======== Material shown

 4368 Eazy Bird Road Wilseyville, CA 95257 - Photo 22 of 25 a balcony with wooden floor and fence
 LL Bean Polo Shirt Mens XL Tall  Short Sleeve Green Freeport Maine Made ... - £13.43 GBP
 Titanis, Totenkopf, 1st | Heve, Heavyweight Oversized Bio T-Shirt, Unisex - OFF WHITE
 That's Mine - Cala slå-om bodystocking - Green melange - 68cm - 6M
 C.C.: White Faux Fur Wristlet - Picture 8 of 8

================

Exercise brief:
Exact copies of all the records are required.

Answer to this exercise:
 4368 Eazy Bird Road Wilseyville, CA 95257 - Photo 22 of 25 a balcony with wooden floor and fence
 LL Bean Polo Shirt Mens XL Tall  Short Sleeve Green Freeport Maine Made ... - £13.43 GBP
 Titanis, Totenkopf, 1st | Heve, Heavyweight Oversized Bio T-Shirt, Unisex - OFF WHITE
 That's Mine - Cala slå-om bodystocking - Green melange - 68cm - 6M
 C.C.: White Faux Fur Wristlet - Picture 8 of 8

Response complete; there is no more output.